Le abitudini alimentari diverse dalle nostre...

Prodotti base dell’alimentazione: aree di diffusione

I cereali hanno sempre rappresentato gli alimenti base delle popolazioni fin dal Neolitico, da quando cioè l’uomo cominciò ad affiancare alle attività della caccia e della raccolta quella dell’agricoltura. Ad ogni latitudine si svilupparono varie specie di cereali: nell’America tropicale il mais, nell’Asia il riso, in Medio Oriente e in Europa il grano, l’orzo, la segale e il farro, in Africa il miglio e il sorgo. Grazie alla loro facilità di trasporto e conservazione, e alla loro commestibilità, i cereali diventarono ben presto prodotti facilmente commerciabili. Il clima temperato è l’habitat ideale per il frumento: Europa, Asia, Russia, Cina, Usa, India e Canada sono infatti i maggiori produttori di grano (il che non esclude che alcuni di essi debbano ricorrere all’importazione per venire incontro alle necessità alimentari della loro popolazione).

Anche in Europa il cereale di base è il grano, però ha un rendimento limitato, infatti può essere coltivato solo in regime di rotazione perché esaurisce il terreno.
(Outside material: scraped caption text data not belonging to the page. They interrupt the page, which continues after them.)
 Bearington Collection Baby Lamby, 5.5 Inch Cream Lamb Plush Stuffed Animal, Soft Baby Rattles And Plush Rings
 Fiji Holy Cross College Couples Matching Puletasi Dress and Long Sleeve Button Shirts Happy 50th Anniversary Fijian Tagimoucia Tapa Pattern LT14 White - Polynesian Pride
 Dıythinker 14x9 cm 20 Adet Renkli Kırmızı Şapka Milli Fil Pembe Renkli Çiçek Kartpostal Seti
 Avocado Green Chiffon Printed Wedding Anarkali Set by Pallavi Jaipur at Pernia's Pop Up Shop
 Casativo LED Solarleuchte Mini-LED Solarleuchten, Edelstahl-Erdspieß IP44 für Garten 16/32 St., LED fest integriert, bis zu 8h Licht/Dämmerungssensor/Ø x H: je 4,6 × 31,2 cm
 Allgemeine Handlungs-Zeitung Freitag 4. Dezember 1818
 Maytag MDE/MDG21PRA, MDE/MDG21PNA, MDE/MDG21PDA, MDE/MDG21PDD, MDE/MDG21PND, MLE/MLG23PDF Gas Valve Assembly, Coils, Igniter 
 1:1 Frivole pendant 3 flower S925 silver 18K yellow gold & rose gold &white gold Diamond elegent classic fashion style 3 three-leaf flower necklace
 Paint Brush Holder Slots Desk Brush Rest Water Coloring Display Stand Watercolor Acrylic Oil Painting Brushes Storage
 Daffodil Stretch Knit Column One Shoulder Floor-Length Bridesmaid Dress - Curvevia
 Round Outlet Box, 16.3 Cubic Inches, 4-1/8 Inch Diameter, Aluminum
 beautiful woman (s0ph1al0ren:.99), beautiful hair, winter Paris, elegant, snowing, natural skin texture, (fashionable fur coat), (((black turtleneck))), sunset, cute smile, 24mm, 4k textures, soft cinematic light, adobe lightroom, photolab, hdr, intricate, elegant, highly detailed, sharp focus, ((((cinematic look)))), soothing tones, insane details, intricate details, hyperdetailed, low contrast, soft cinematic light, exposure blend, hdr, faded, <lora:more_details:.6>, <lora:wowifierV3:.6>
Questo obbliga a introdurre accanto al grano anche altre colture come legumi e foraggio, che servono sia all’uomo sia al bestiame. Quindi la dieta dei popoli consumatori di grano è stata sempre varia e l’agricoltura, combinata all’allevamento degli animali, si è estesa generalmente a tutto il territorio interessato allo stesso clima, eliminando praticamente le aree forestali.

Nel clima monsonico prospera invece il riso che è la coltura dominante in Cina, Giappone, Filippine, Indocina, Indonesia, Bangladesh, Nepal e India e che è destinato esclusivamente al consumo interno e non all’esportazione. Il riso, al contrario del grano può essere coltivato anche per due raccolti consecutivi nello stesso terreno e ciò permette di sfamare popolazioni più numerose. Le piante tendono a occupare tutto lo spazio disponibile.

La dieta dei popoli delle zone a clima monsonico è molto uniforme (riso e cereali ne costituiscono quasi il 90%).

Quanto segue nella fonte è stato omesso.